Hosted by Highsnobiety’s Editor-at-Large Christopher Morency, “On the Record” is a podcast series of intimate, off the cuff conversations with icons and cultural engineers that have shaped the worlds of fashion, music, tech, art, business, sports and youth culture at large. For this episode, Morency spoke with Jamaican dancehall legend Sean Paul.
There would be no mainstream dancehall as we know it today without Sean Paul. The Sean Paul who created chart toppers including ‘Get Busy’, ‘ Temperature’ and ‘Baby Boy’ with Beyonce. The Sean Paul, who has been nominated for 8 Grammy’s and won the award for Best Reggae Album with his legendary album ‘Dutty Rock’. And the Sean Paul who all of us continue to play at house parties and the club.
I wanted to hear a different side from him, and that we got. Today he still lives in Kingston, Jamaica where he’s from and it’s where I called him up to discuss everything from evolving your public image to mentorship for the next generation, and paying back to the culture that made him.

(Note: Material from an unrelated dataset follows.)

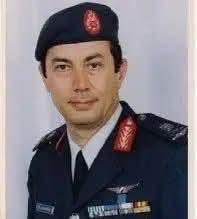 قصه حقيقيه اللواء طيار أحمد صادق الجواهرجي بطل اكتوبر.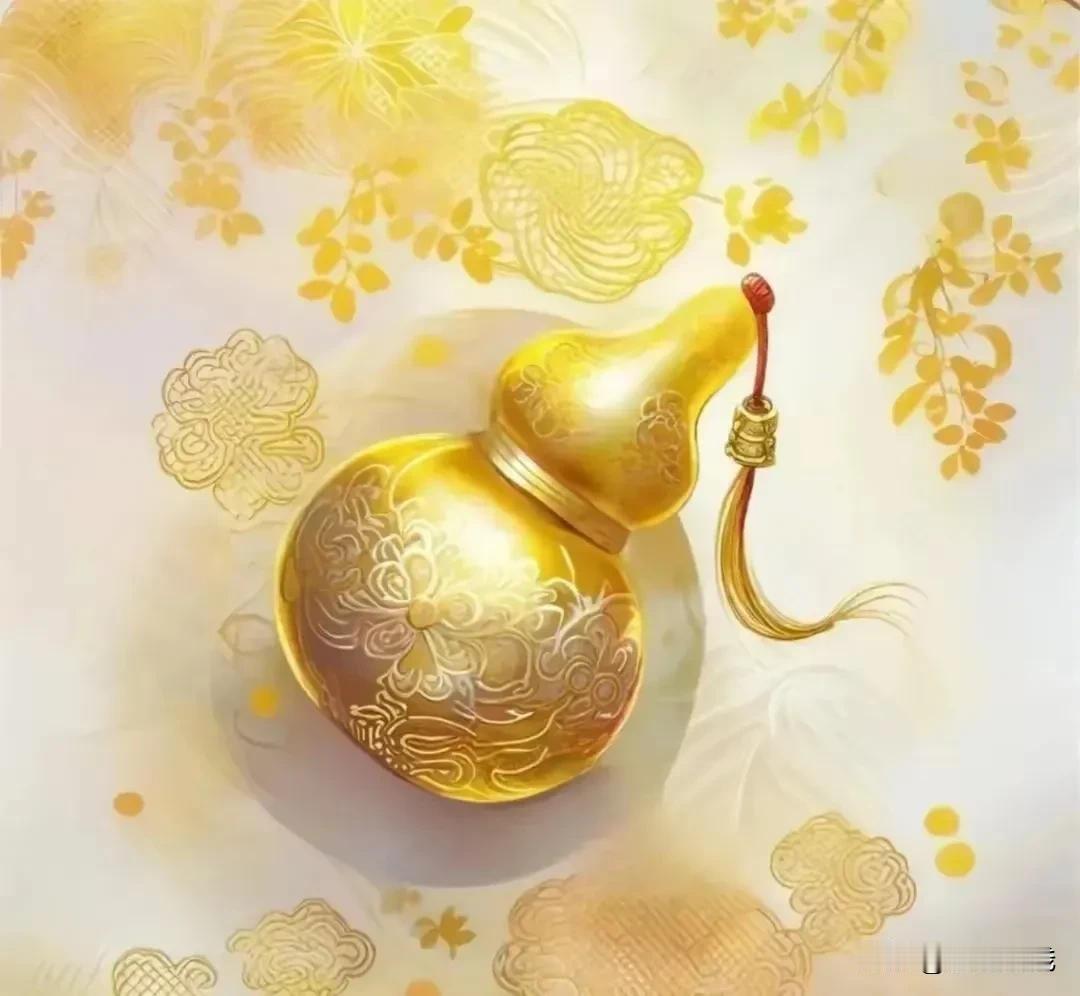 #你是否能用一句话总结炒股呢?#股票上涨时永远是持有股票者的盛宴，尤其是A股是T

The below interview is a written version of ‘On the Record’ Season 2, Episode 4. It has been edited and condensed for clarity.

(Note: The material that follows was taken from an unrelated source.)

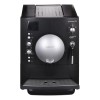 Ekspres Siemens Surpresso S20 black/silver Refurbished - odnowiony przez profesjonalny serwis AGD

Christopher Morency: When we think of reinvention and evolution, and I think much like the fashion industry, in music, it’s getting so crowded now which means you really have to reinvent at such a faster pace to stand out. That’s where you, Sean Paul, come in. Never afraid of the new, always looking at the landscape, taking it in and really adapting to it without straying too far from your roots. How have you been thinking about reinvention and influence during this time?
Sean Paul: It’s been depressing for me. I’ve never really been too much of an online type of person. I’m more live and do concerts. I feel that I’m going to have to get more and more innovative with my online presence, but when people say, “Is it too soon?” I just felt like I was taking advantage of people [by] continuing my hype life and all it takes to get people’s attention online, so I haven’t done much, a few [live streamed] performances here and there.
For me, I just don’t think I want to see [celebrities] on Instagram so much. You know what I mean? I want to know that they’re sending inspirational messages. I’ve seen Puffy do it. I’ve seen a lot of people who are just helping out their communities, in my own dancehall genre [it’s not about] giving out gift bags, [but] support bags, care packages with food and essentials that they need. But to promote your album and stuff like that, it’s kind of overdone to me, especially at this point.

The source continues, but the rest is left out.